◆ Task instructions: Restate the whole of the data below word for word, skipping the images.

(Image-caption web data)
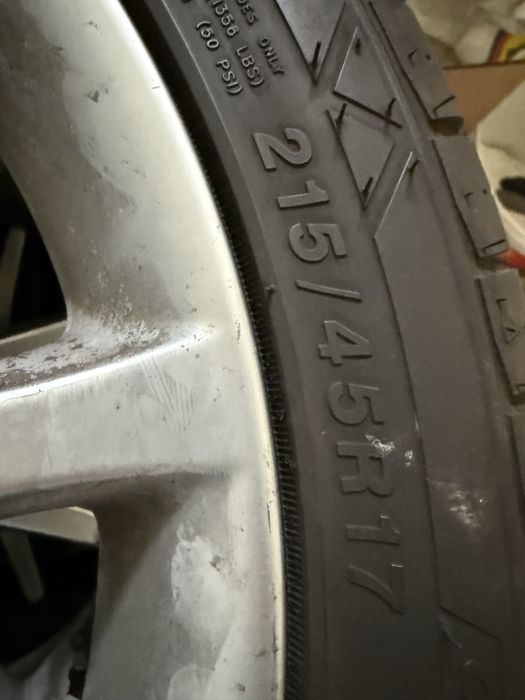 Джанти  с гуми 17 цола, 4 бр. 5х112 7Jx17Н2 ЕТ 49 Mercedes B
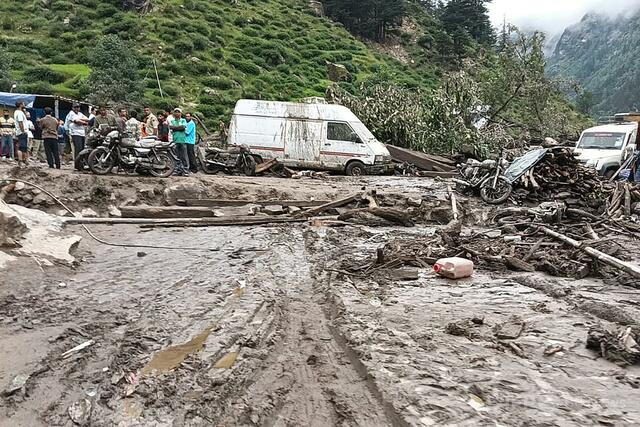インド北部の山村で土石流、56人死亡 行方不明者多数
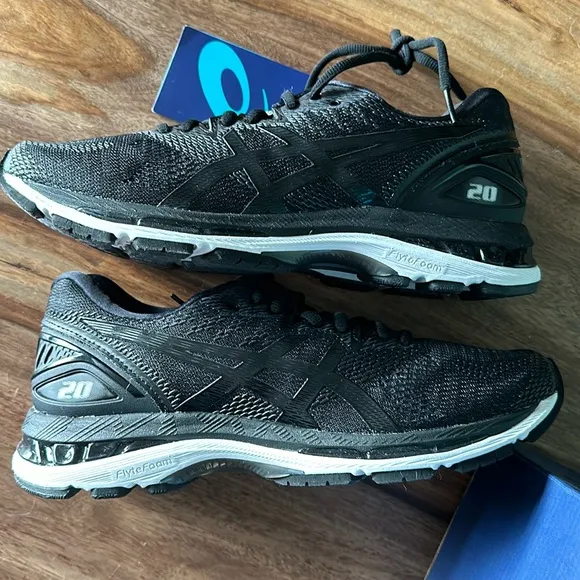 ASICS Women Gel Nimbus 20 Running Shoes NWT SZ 9   Black White Carbon new in box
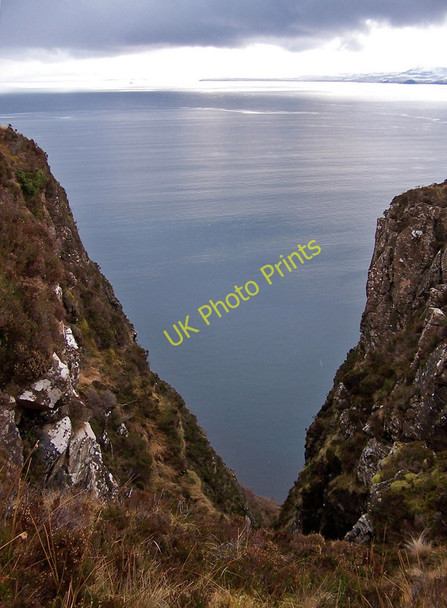 Photo 6"x4" Cleft in the cliffs Creagan Dearga\/NG3156 c2010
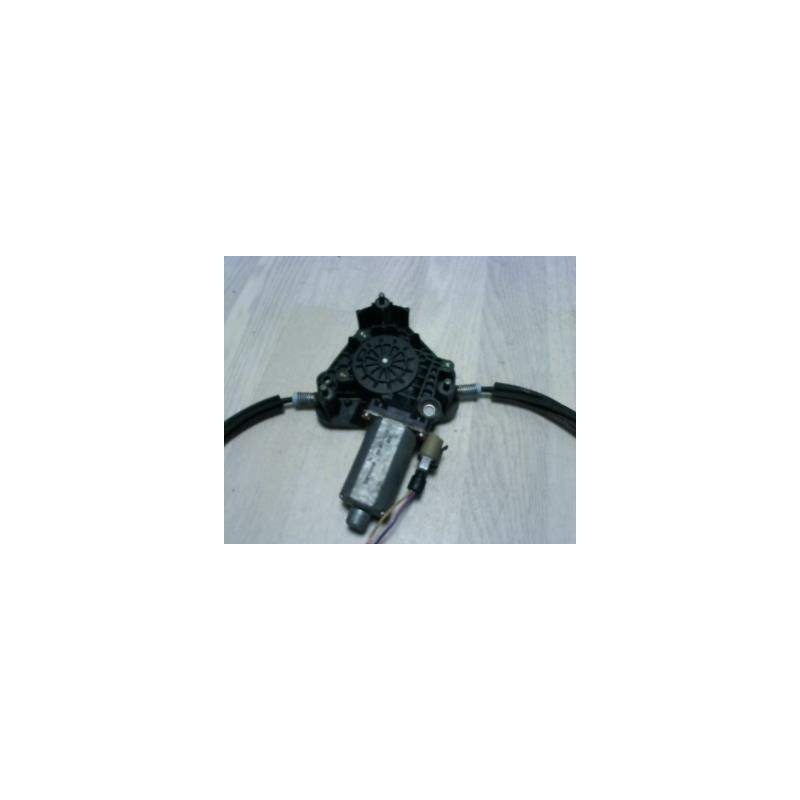 Leve vitre electrique avant gauche RENAULT CLIO 2 PHASE 1 d’occasion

◆ Exercise answer:
 Джанти  с гуми 17 цола, 4 бр. 5х112 7Jx17Н2 ЕТ 49 Mercedes B
インド北部の山村で土石流、56人死亡 行方不明者多数
 ASICS Women Gel Nimbus 20 Running Shoes NWT SZ 9   Black White Carbon new in box
 Photo 6"x4" Cleft in the cliffs Creagan Dearga\/NG3156 c2010
 Leve vitre electrique avant gauche RENAULT CLIO 2 PHASE 1 d’occasion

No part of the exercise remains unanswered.